Tercero. La autonomía e independencia sindicales han sido el alma nutriente de los grandes cambios y transformaciones que ha promovido y protagonizado el sindicalismo confederal, la sustancia de la alteridad del sujeto social. Y, como consecuencia, la utilidad de la acción colectiva social. De ahí que me parezca lógico alargar el razonamiento: así las cosas, si se quiere avanzar más y mejor, es de cajón ampliar el diapasón de la autonomía y la independencia sindicales. En principio no oscureciendo su pregnancia buscando referentes en lugares realquilados; y, en segundo lugar, compartiendo toda la casa sindical unas mínimas reglas para el ejercicio de la independencia razonada. Ninguna de las dos cuestiones está reñida con "llevarse bien" o lo mejor posible con todas las fuerzas democráticas. Como tampoco entra en colisión con mejorar las relaciones con la izquierda política. Cierto, llevarse bien con la izquierda política no impide (antes al contrario, presupone) la existencia de confrontación cuando ha lugar. Sabiendo, por lo demás, que si bien el sindicalismo no tiene un partido-amigo, eso no conlleva tampoco el partido-enemigo.

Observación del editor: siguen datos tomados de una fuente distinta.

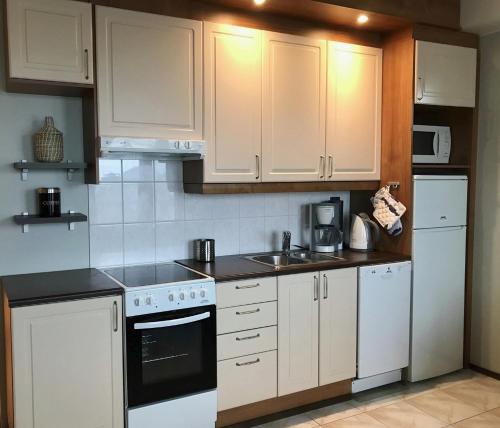 a kitchen with white appliances and white cabinets at Seastar 101 in Kalajoki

En resumidas cuentas, la independencia sindical también necesita unas mínimas normas para su pacífico desarrollo. Aunque, naturalmente, hay algo no menos importante: saber que la independencia no es un atributo exclusivo de los órganos dirigentes. Es algo un código que afecta a toda la organización. De donde se puede sacar otra conclusión: la fijación de unas reglas que indiquen las relaciones de los grupos dirigentes con el conjunto afiliativo y los asalariados en general. Capaces de expresar qué concretas atribuciones tiene cada cual, hasta dónde es discrecional la capacidad dirigente y en qué materias. Es decir, dar el salto de la (abnorme) actitud representacional del sindicalismo a la capacidad de representación normada.